Now's a good time to hunt the "uncertain origin" words with roots in the 20th century. We have tools to track their paths and smoke them from their lairs. That's what etymonline has been doing much of the past few months. - D.R.H.
Sometimes, in exasperation, I wrote of such a word, “It has no etymology.” And the words cackled.
A spoken language always wants a handy stock of such words. Words that sound sharp or walk suggestively, crossover words between slang and proper talk; double-head words, hazy words. More than half the meaning in them is how you speak it. They’re like brassy parrots that got free in someone’s suburb and won’t be caught. Peter Pan words, impudently indefined, ahistorical, their footprints slurried in mud.

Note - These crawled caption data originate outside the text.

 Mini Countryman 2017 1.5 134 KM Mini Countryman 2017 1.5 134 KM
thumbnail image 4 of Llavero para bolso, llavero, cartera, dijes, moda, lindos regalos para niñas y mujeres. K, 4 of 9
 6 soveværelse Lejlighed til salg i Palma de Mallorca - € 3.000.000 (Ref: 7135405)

I read an article in San Diego in the late 80s distinguishing nerd vs. geek. Tech terminology exploded due to PC computers becoming available. Per the article a nerd was a person whose interest was in creating hardware and software. A geek was a person who was not totally experience in how the computer did what it did, but knew how to use it for production of work and to create. My analogy was a race car driver. Nerds build it and maintain it and geeks drive the hell out of it. Since the 80s I have identified as a computer geek.

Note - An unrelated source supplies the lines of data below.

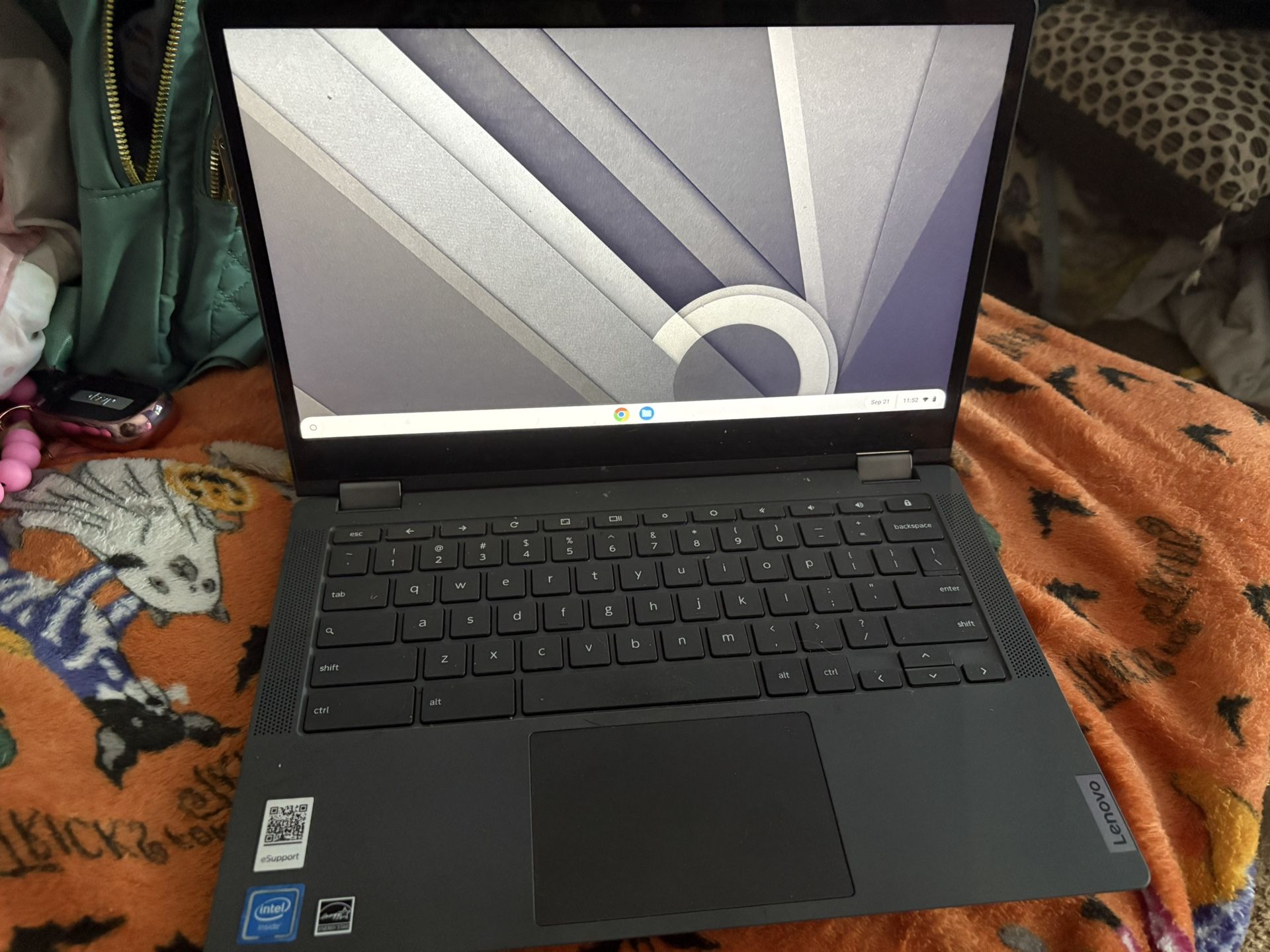 Chromebook Lenovo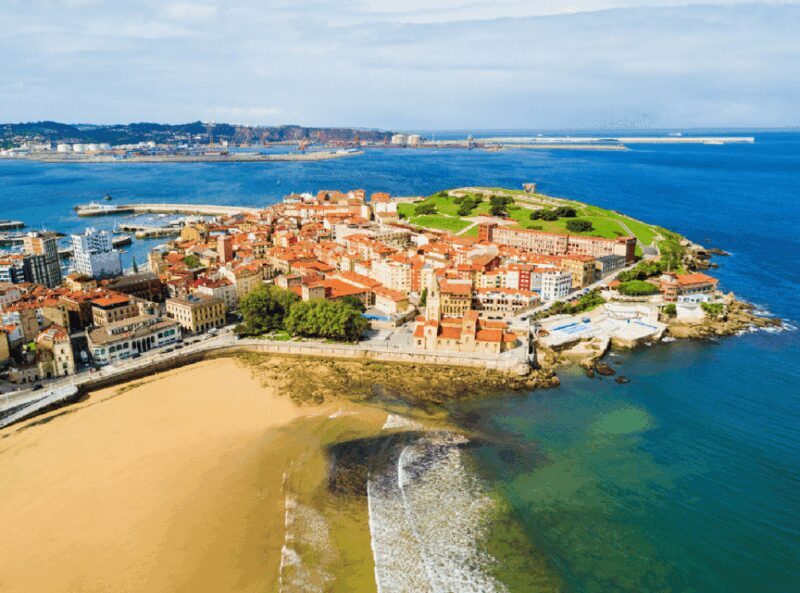 Tour privado por Gijón - The Fish Market and the Role of Women in the Industry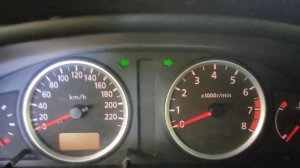 приборная панель nissan Almera n 16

They’re considered to be of a family. Liberman’s entry on them is extensive. He has a good eye on these sort of amorphous word-sound-clouds. (The column here is more about the modern sense development; the etymology itself is vast.)
I am a newbie, so apologies if I am out of order, but have you discussed “cuckold” yet? A Chaucer scholar told me that cuckoos invade established nests, out-eating the newly hatched young–thus the connection between the sneaky bird and its human counterpart.